BEGIN Extracted entries

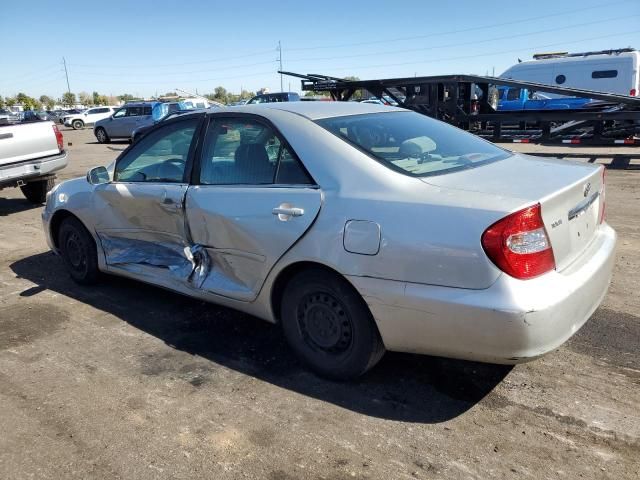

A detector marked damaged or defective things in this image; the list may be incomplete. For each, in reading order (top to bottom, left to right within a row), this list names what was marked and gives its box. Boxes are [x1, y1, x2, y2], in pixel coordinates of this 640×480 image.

damaged car door [92, 115, 201, 284]
damaged car door [186, 116, 322, 300]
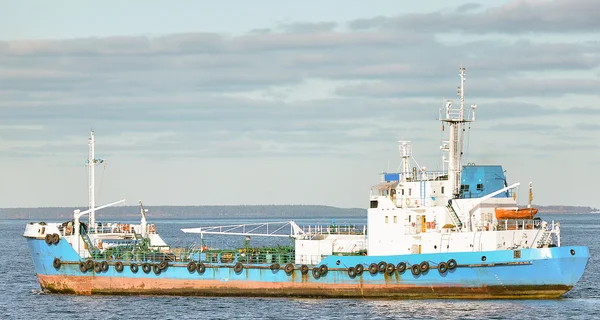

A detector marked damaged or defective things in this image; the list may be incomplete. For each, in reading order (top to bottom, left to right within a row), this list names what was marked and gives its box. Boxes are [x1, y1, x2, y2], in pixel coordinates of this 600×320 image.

rusty hull section [37, 274, 572, 298]
rust streak on hull [37, 274, 572, 298]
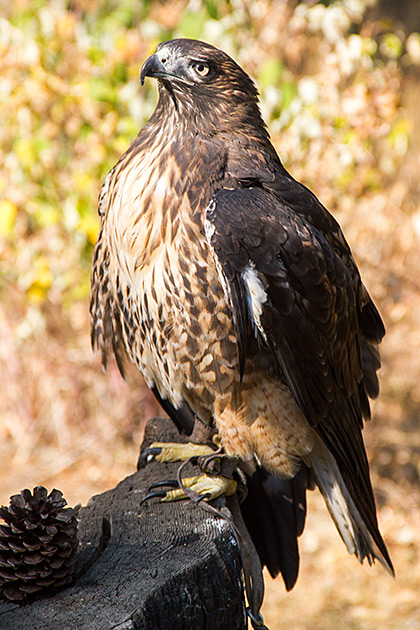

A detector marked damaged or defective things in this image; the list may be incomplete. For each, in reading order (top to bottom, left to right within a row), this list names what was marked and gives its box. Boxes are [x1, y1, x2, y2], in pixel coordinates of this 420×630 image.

burnt wood surface [0, 420, 246, 630]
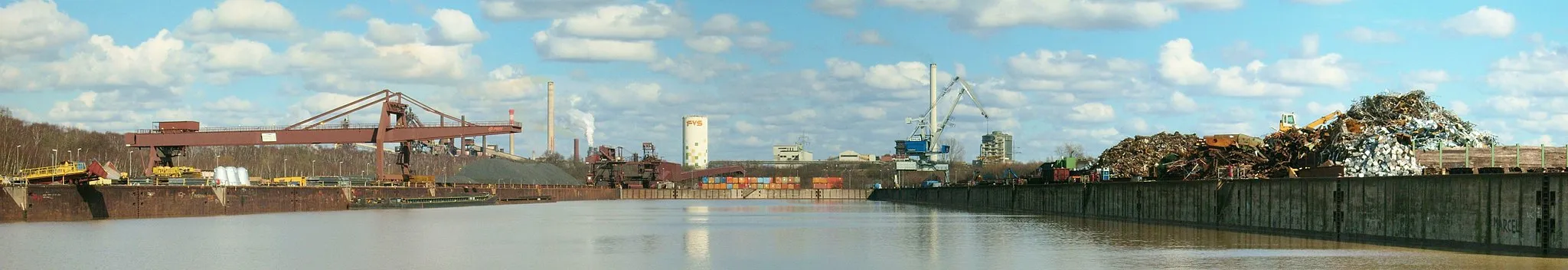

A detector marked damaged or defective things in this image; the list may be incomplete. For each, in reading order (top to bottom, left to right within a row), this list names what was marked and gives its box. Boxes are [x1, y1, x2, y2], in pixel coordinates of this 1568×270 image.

rusty metal wall [3, 184, 621, 222]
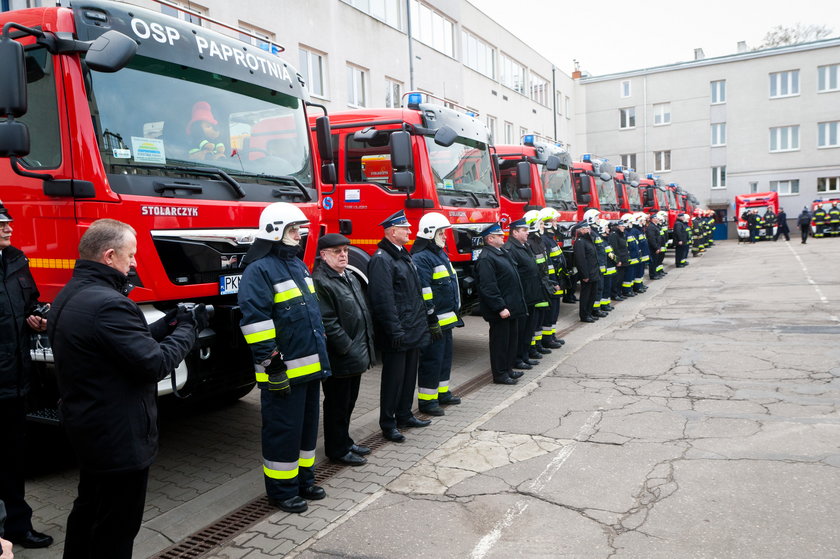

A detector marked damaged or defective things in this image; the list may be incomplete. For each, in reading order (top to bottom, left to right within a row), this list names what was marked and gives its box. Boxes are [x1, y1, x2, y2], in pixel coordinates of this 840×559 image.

cracked asphalt [288, 241, 832, 559]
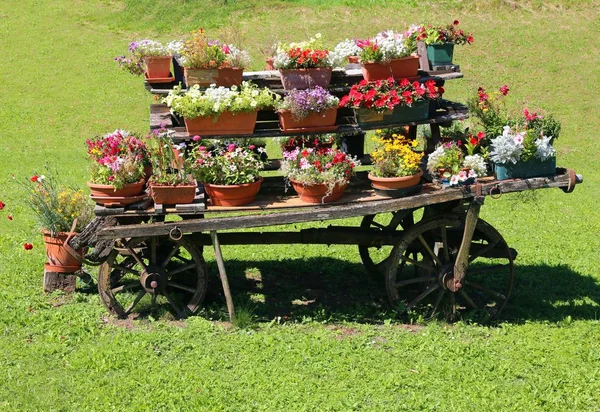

END Extracted entries

■ Exercise description ■
Copy exactly the lines from the one containing "this 600×320 image." through the final line of the records above, both included, and leave out any pictures.

■ Exercise solution ■
A detector marked damaged or defective things in this image; the list may be incomplete. For each, in reading order (top to bottom, left to right within a row), this list names what was marked and gives its box. Boxes are [x1, y1, x2, y2], in pixel coordinates of this 600×320 image.

rusty hull section [37, 274, 572, 298]
rust streak on hull [37, 274, 572, 298]

A detector marked damaged or defective things in this image; the list may be incomplete. For each, in reading order (top to bottom, left to right within a row), this list names what was marked and gives its box. Boxes are [x1, y1, x2, y2], in pixel coordinates of this 420×630 image.

burnt wood surface [0, 420, 246, 630]

A detector marked damaged or defective things in this image; the list may be incomplete. For each, in reading order (top to bottom, left to right within a row), this list names what was marked and gives its box. Boxes are [x1, y1, x2, y2], in pixel coordinates of this 1568×270 image.

rusty metal wall [3, 184, 621, 222]

A detector marked damaged or defective things in this image; the list may be incomplete. For each, in reading order (top to bottom, left to right within a row), this list names what was marked and gives its box. Boxes are [x1, y1, x2, y2], in pixel coordinates of this 840×559 image.

cracked asphalt [288, 241, 832, 559]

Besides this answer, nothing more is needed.